Castle Season 6... Now that the characters are (spoilers) together, we're heading for the big wedding, and a lot of episodes give their subplots over to this. It almost gets tedious. But the show does feature a lot of variety this season, with national security at stake while Becket is (initially) with the Feds, and more interestingly, when some of the supporting players (including Alexis) get more involved than usual in the mysteries. Plus, the big "Becket's mom" arc gets a major push forward this year, so that's pretty satisfying. The DVD includes commentary on a few episodes (including an amusing one where Esposito and Ryan, not their actors, spoof comment), many deleted scenes, a gag reel, a retrospective of best moments through all six seasons, and a surprisingly touching featurette where Stana Katic talks about her process and working on the show, a sort of intimate diary shot by a friend.

Books: Moving right along with TwoMorrows' American Comic Book Chronicles collection, I read John Wells' The 1960s, 1965-1969, completing this behemoth decade that had to be split into two fairly thick, illustrated volumes.
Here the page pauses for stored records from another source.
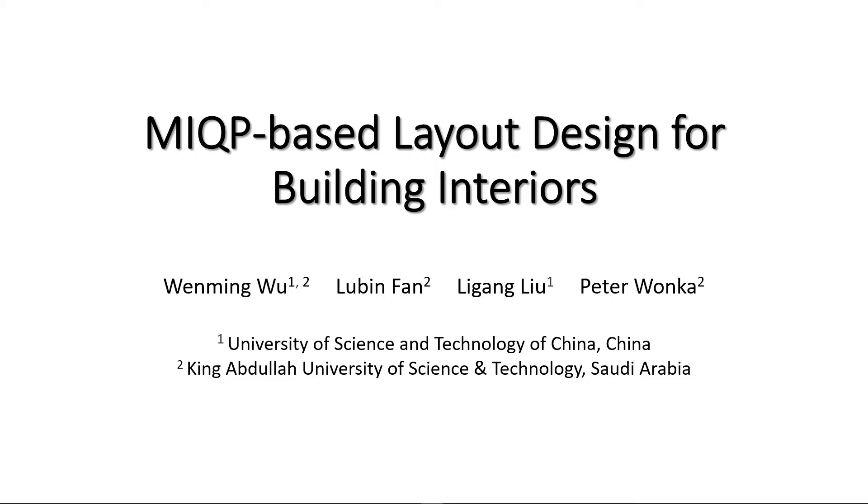In this paper, we propose a hierarchical framework for the generation of building interiors. We formulate the layout optimization problem as a mixed integer quadratic programming problem.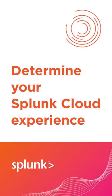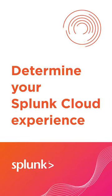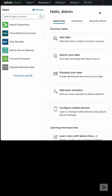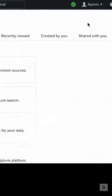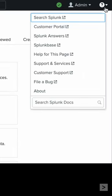Do you know how to determine which Splunk Cloud experience you're on? Let's find out. Logged into Splunk Web, in the upper right corner, select the question mark icon, then About.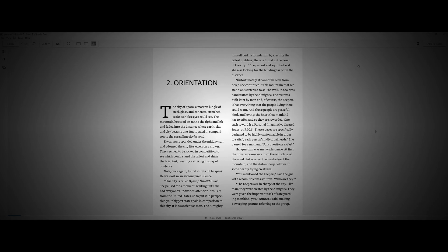This mountain that we stood on is referred to as the wall. It too was handcrafted by the Almighty. The rest was built later by man and, of course, the keepers. It has everything that the people living there could want, and those people are peaceful, kind, and loving. The finest that mankind has to offer. And so, they are rewarded. One such reward is a personal, imaginative, created space, or PICS. These spaces are specifically designed to be highly customizable in order to satisfy each person's individual needs. She paused for a moment. Any questions so far?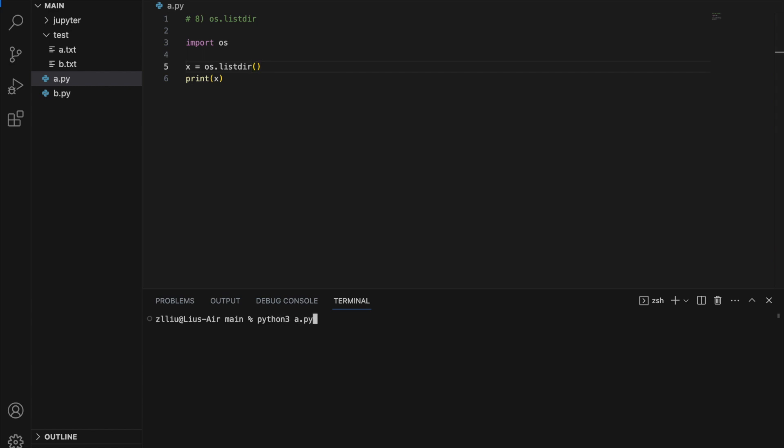Similarly, instead of passing 'test', if we just pass in nothing, we will list everything inside the current directory — which is essentially jupyter, test, a.py, and b.py. And here we have it: test, a.py, b.py, and jupyter.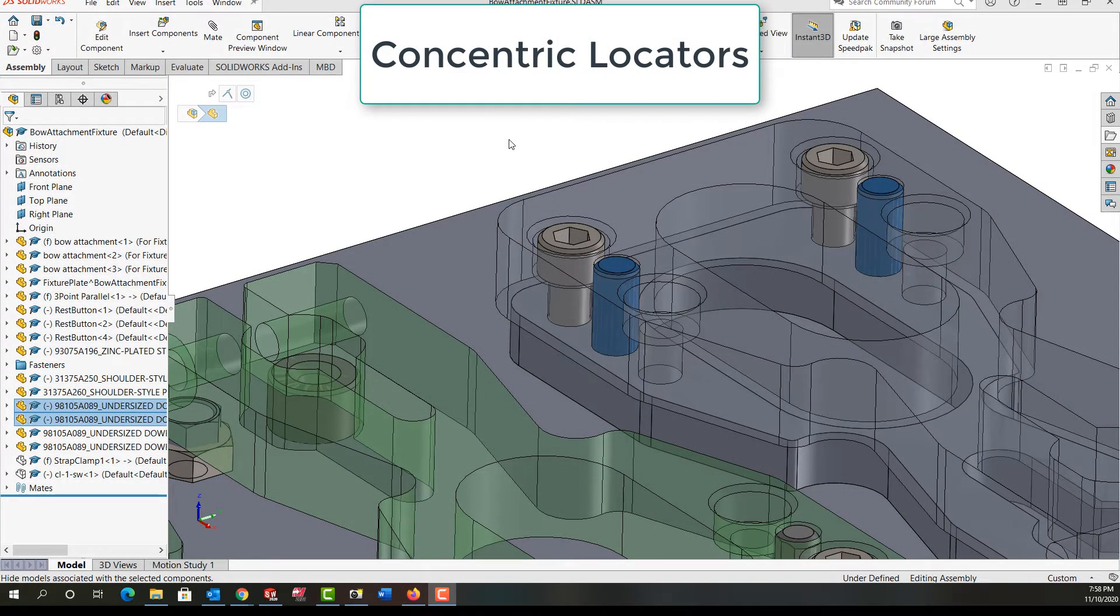In this video I want to discuss common types of concentric locators such as these dowel pins shown here in blue locating off of reamed holes.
From superhero proliferation to the caped bubble bursting; the advent of underground comix; and the rise of such stars as Neal Adams, Jim Shooter, Roy Thomas, Jim Steranko, and... the Archies? The author covers all genres and phenomenons, structuring each year in the chronology differently so no one company or genre is given undue importance. The prose could be a little tighter in places (look who's talking), but it's keeping my momentum up and is a great source of inspiration for this here blog. I've been with this since the 1950s volume, and I've already started on the 70s. I'm wondering when Roy Thomas will be done with the projected 1940s book...

Hyperion to a Satyr posts this week:
V.ii. The Readiness Is All - Hamlet 2000

Comments

JohnF said…
Joe Versus the Volcano is a wonderful movie. Everyone I've showed it to agrees.
Siskoid said…
I think only people who haven't seen it talk trash about it.